Being a small business owner is always a tough venture, not just because your business has to compete with other, larger conglomerates, but because a small business usually has only a few owners or a single person to do the daily work that a committee would normally be doing for a successful business. This includes doing the taxes for your business yourself and ensuring that your employee’s taxes are filed (from your end, at least) properly.

This is one of the unexpected trials that a small business owner runs into when they finally get their dream off the ground, but that’s why this article is here to give you information you need for your small business taxes!

Understanding Estimated Taxes

Your business may be a sole proprietorship (meaning there is only one owner of the business), or there may be multiple business owners involved. Regardless, it is important to note that you pay taxes for your business through your personal tax return – as the sole owner you can do this yourself, but if you are one of multiple owners you will have to file jointly or separate your specific taxable income from theirs.

Though you are generally expected to make tax payments throughout the year, no income taxes are taken out of your business earnings until the end of the year when you file. To avoid underpaying your estimated taxes and incurring penalties, use a tax software or the worksheet from Form 1040-ES to know your estimated taxes that you need to pay on each quarter.

Know your personal tax situation before calculating estimated tax

As a business owner, there are certain terms and actions that you are aware of that the average employed individual is not. A lot of these terms can help you determine your tax liability. Business owners must consider things like their business expenses, tax deductions, and tax credits when filing their tax return. You should know about these things as you go about the normal running of your business – certain actions taken by businesses to support charities are tax deductible, for an example.

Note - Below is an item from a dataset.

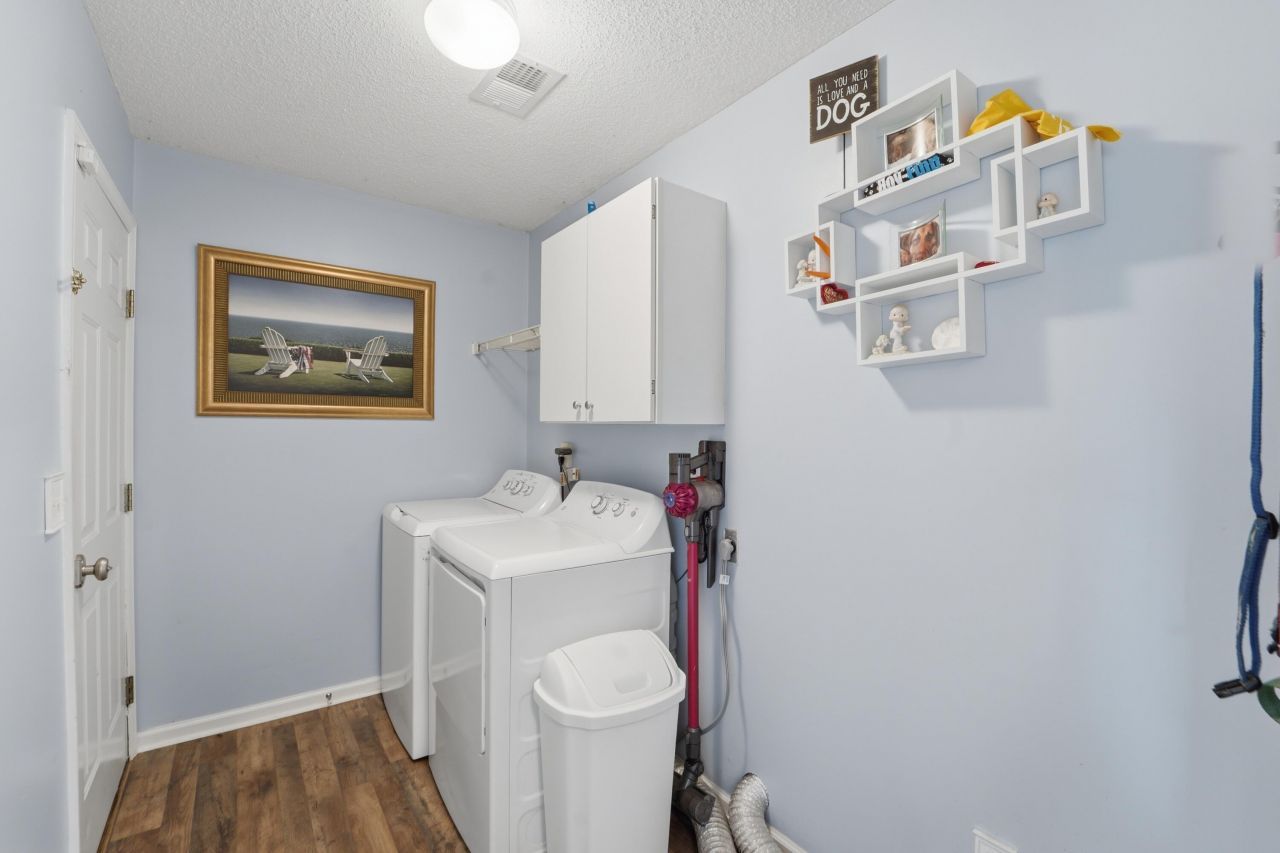 1315 Camp Road Photo 16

And don’t forget your employment taxes! Also called the payroll tax, it is paid for partially by any employees you have during the year in their payroll deductions, and partially by you based on your employee’s wages at the end of the year. This is a tax specifically related to employing others for your business, making it something that a self-employed individual or regular employee wouldn’t have to worry about.

Calculating estimated taxes

Based on your personal tax situation, and after taking into account your business expenses and revenue, you can estimate what you need to pay for your quarterly taxes. A simple way is to take what you paid in total taxes in the previous year and divide it by four to know your quarterly tax rate for the current year. You can even pay monthly so it’s easier to manage and you pay less quarterly. This way, you’ll follow the IRS’s rule to pay at least 90% income taxes including self-employment taxes in a given tax year so there will be no underpayment penalty.

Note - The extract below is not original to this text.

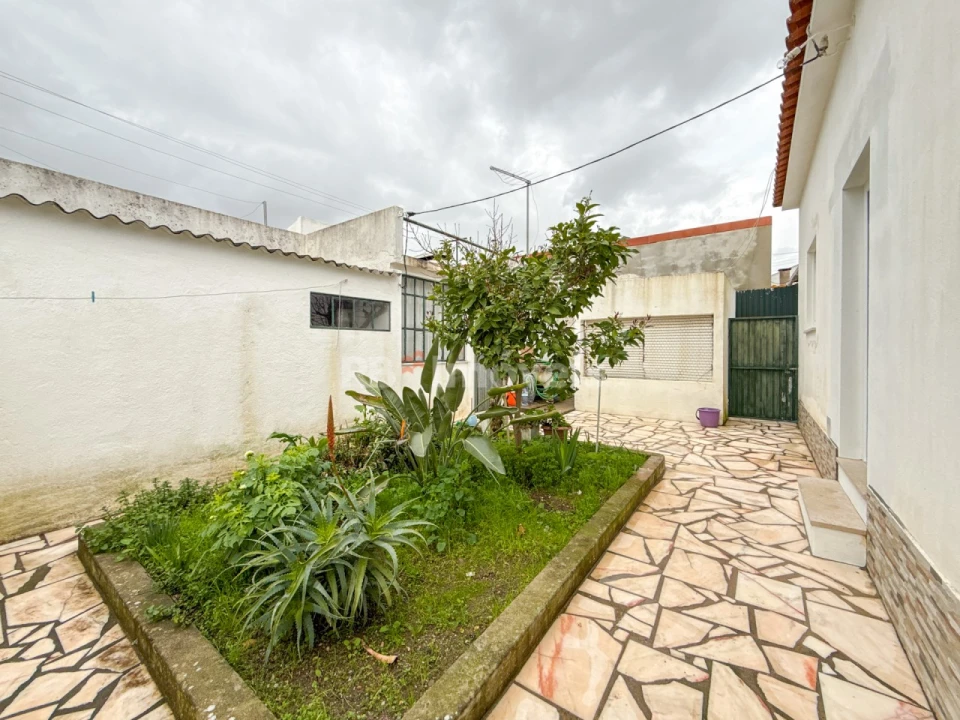 Moradia T2 para Venda em Atalaia Foto 30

Other Tips For Managing Your Tax Payments

Just be sure to remember that despite being a business, you as the owner have to file your taxes on your personal return using all the forms and calculations that come with running a business. If you are not the sole owner of your business, make sure to discuss beforehand whether you will file together or what portions of the business’ profits and expenses each of you will take on when filing.

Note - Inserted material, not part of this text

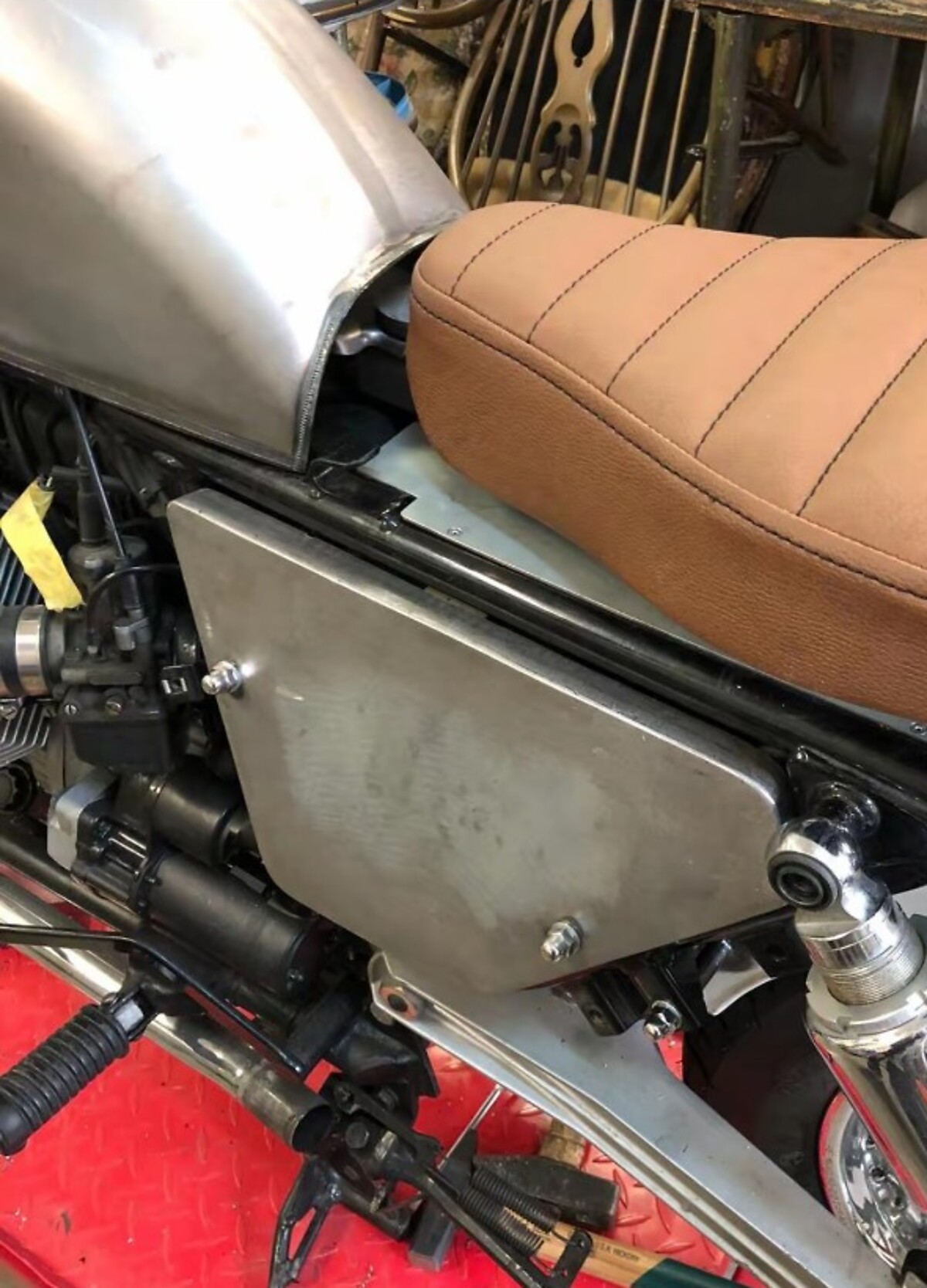Pièce métallique sur mesure réalisée pour une moto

If you have someone else working on the finances of your business, it might be a good idea to consult them when filing your taxes at the end of the year, to ensure everything is correct or answer any questions you may have about the daily expenses of your business that must be taken into account on your tax return.

Now that you have all this information under your belt, it’s time to file those taxes! Don’t be afraid to ask a professional for tax advice if you’re unsure about any terms or forms you are filling out for your return. Better to be safe and pay more in taxes that you can later get back than to pay less in taxes and owe the government unknowingly! You can always have someone prepare your tax return for you, but at the very least a tax calculator and an estimate of your taxes for the year should be used to help you understand how to pay taxes as a small business owner.